#### [Work required]
At the line that holds "Pneu 185/65r14 Powercontact", start repeating, and keep going exactly through the final line of the material; include both ends and skip the pictures.

#### [The data]
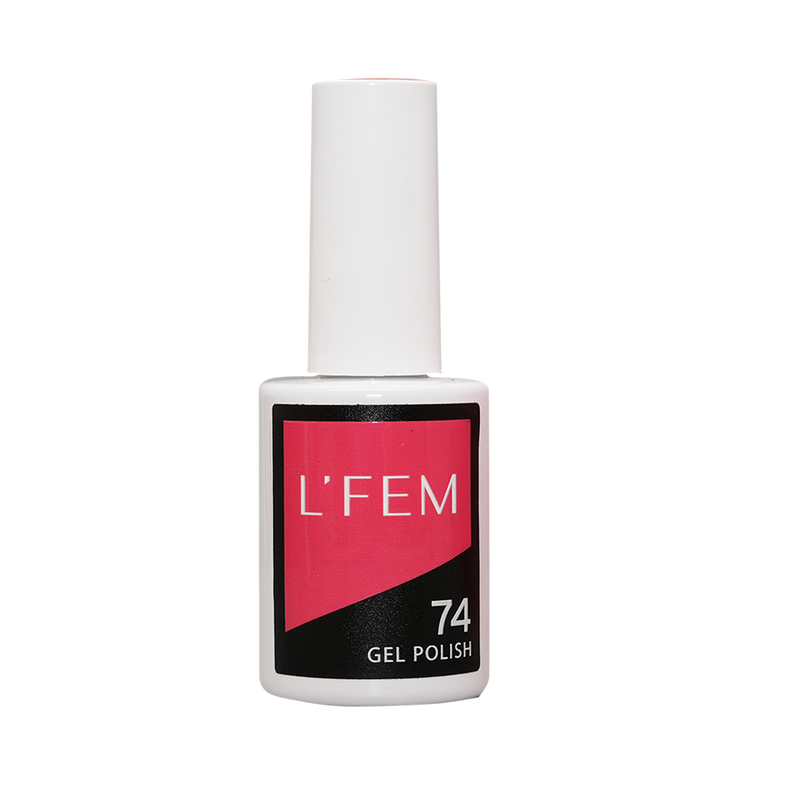 L'FEM Gel Polish .5oz - #74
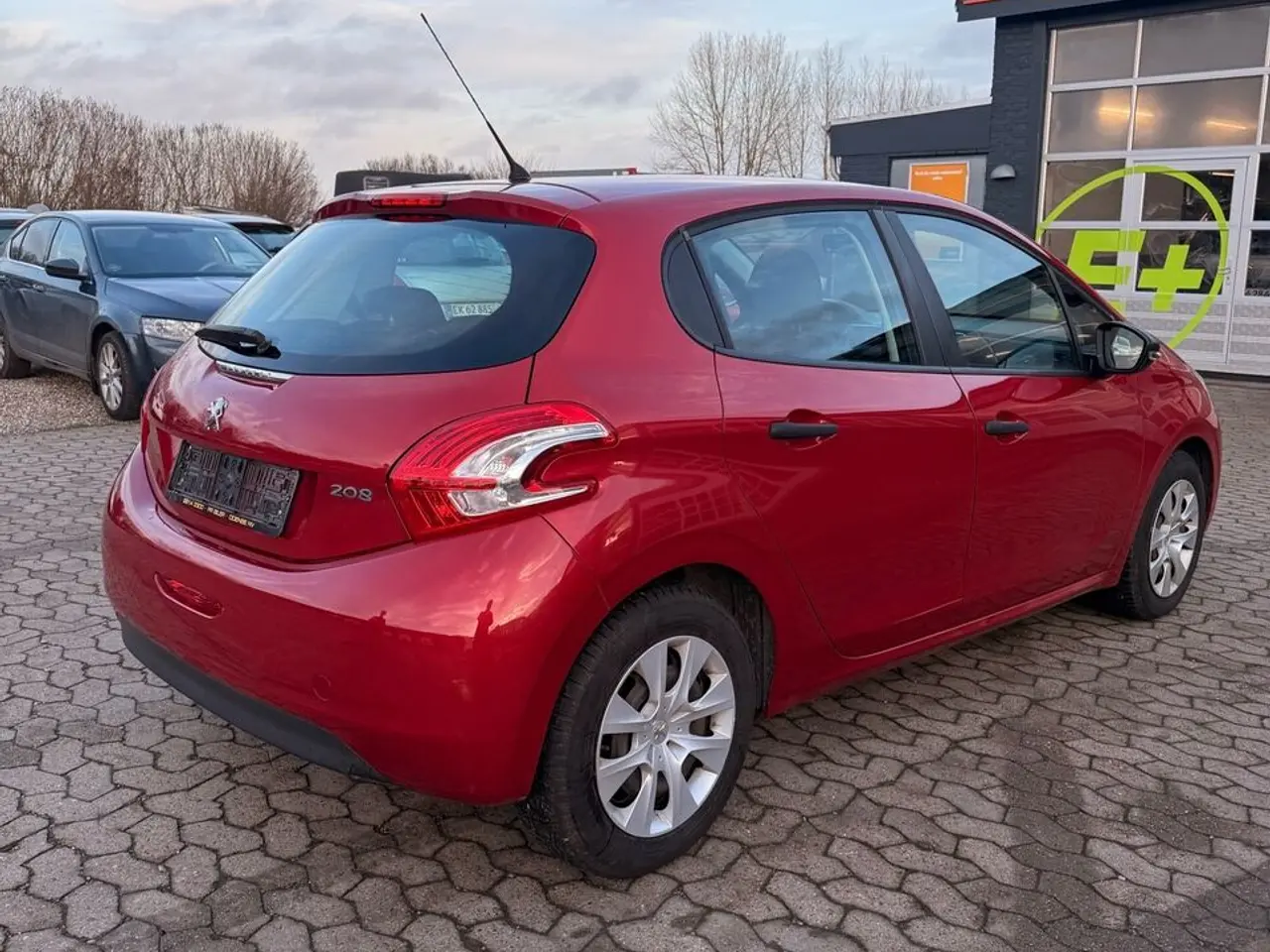 Billede 4 - Peugeot 208 1,0 VTi Access + AirSound 68HK 5d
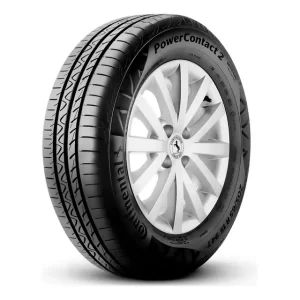 Pneu 185/65r14 Powercontact 2 Continental 86t Aro 14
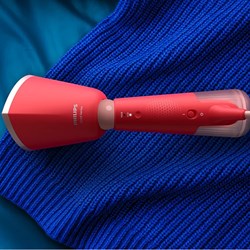 Philips 5000 Serisi STH5020/40 1400 W Kırmızı Buharlı Düzleştirici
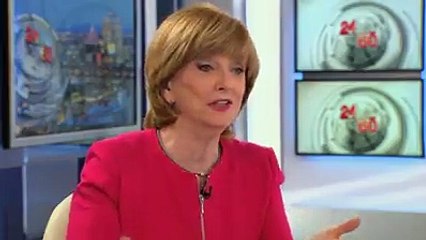 L'entrevue extraordinaire de Marine Le Pen à Radio-Cadenas. Quebec 27 mars 2016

#### [Written answer]
 Pneu 185/65r14 Powercontact 2 Continental 86t Aro 14
 Philips 5000 Serisi STH5020/40 1400 W Kırmızı Buharlı Düzleştirici
 L'entrevue extraordinaire de Marine Le Pen à Radio-Cadenas. Quebec 27 mars 2016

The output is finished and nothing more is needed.